# What is POP/SMTP address of HOTMAIL and YAHOO?



## arnab2kool (Jul 1, 2007)

What is POP/SMTP address of HOTMAIL and YAHOO? I need it badly.

Thank you.


----------



## karnivore (Jul 1, 2007)

If you r using free mail service, then POP/SMTP service for both the service providers will not be available, because they have stopped providing mail forward for free mails.

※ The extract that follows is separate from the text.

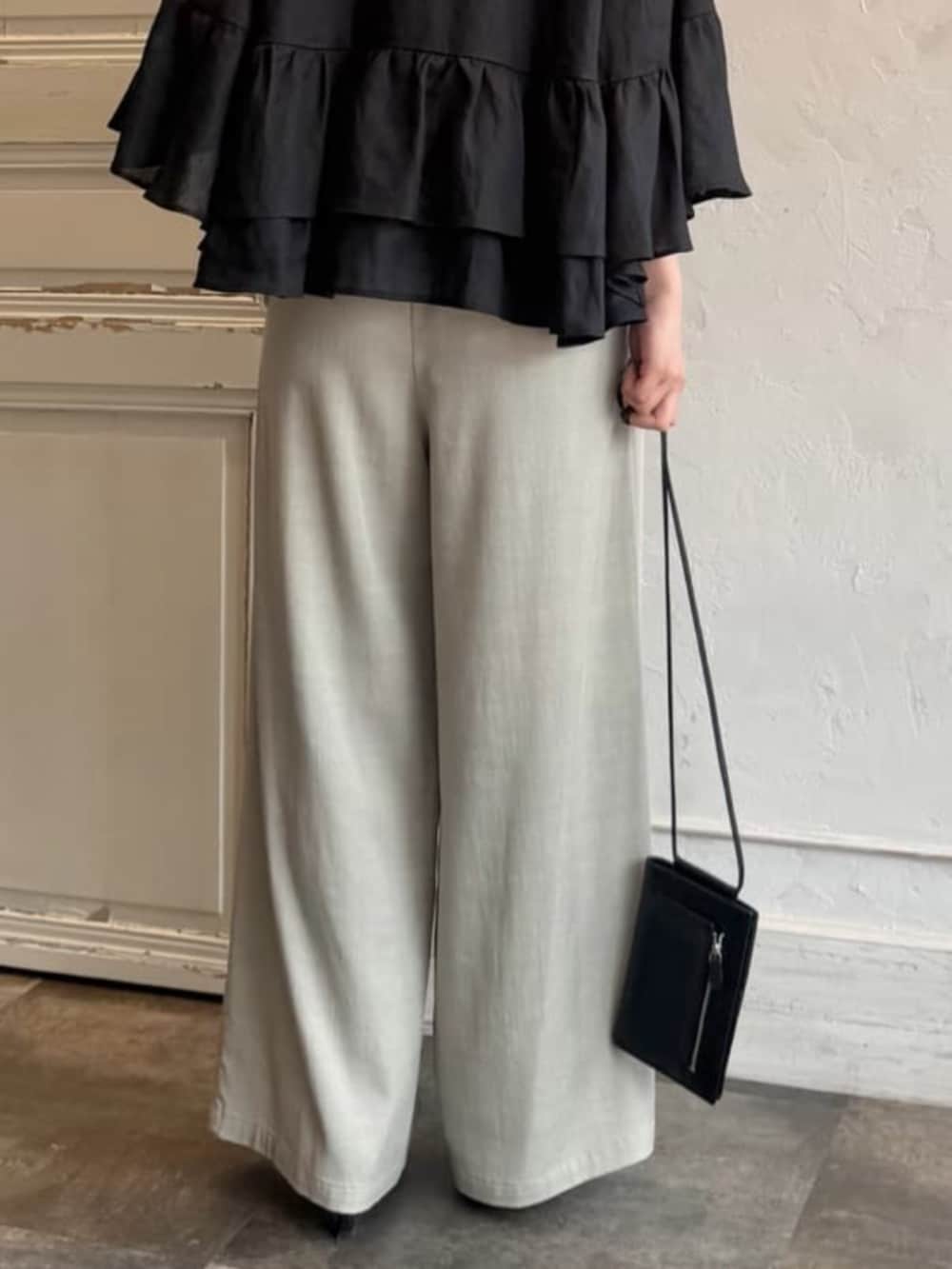 グレー系のその他パンツ、ブラック系のその他アウターを着用したレディースの春コーディネートの9枚目の写真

However, yahoo.co.in is still providing mail forwarding service and the settings are:

POP: pop.mail.yahoo.co.in
SMTP: smtp.mail.yahoo.co.in

Port No:-
POP: 465
SMTP:995

But before that u hav to enable POP Forwarding in your web mail. To do this log into your account and go to settings.


----------



## sanju (Jul 1, 2007)

nice info
and what about hotmail and gmail


----------



## karnivore (Jul 1, 2007)

Hotmail mail forwarding is not available.

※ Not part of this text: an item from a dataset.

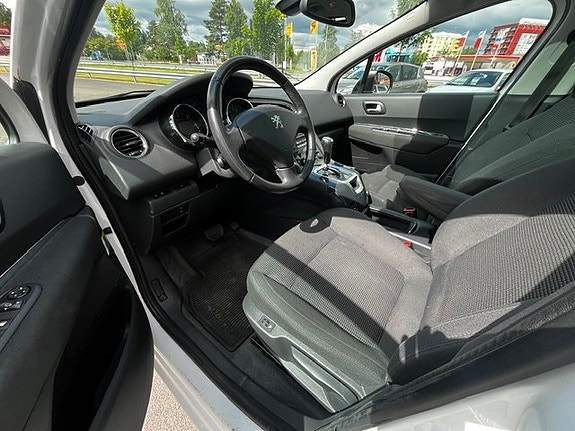 Peugeot 5008 10 of 11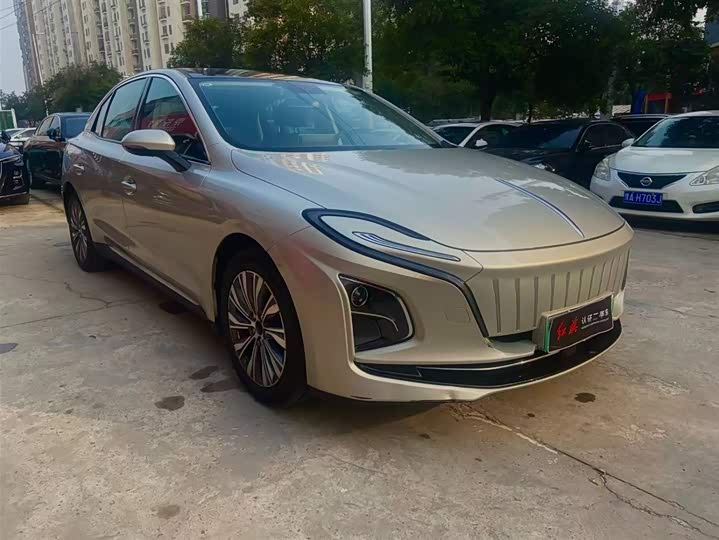 Фото 2 - Hongqi E-QM5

For gmail the settings are:

POP: pop.gmail.com
SMTP: smtp.gmail.com

Port No:-
POP: 465
SMTP:995

But before that u hav to enable POP Forwarding in your web mail. To do this log into your account and go to settings


----------



## Garbage (Jul 1, 2007)

Configure Email Client of GMail may be useful to you!


----------



## JohnephSi (Jul 1, 2007)

Which one is to select web and pop acess or forwarding in the POP forwarding action


----------



## karnivore (Jul 1, 2007)

Options > POP Access and Forwarding > Web & POP Access.


----------



## Vishal Gupta (Jul 1, 2007)

If u use Windows Live Mail, then u can access ur Hotmail account without any problem. U hv to enter just username and password and it'll automatically configure settings.

I'm using WLM for Hotmail, Gmail and Yahoo! accounts.


----------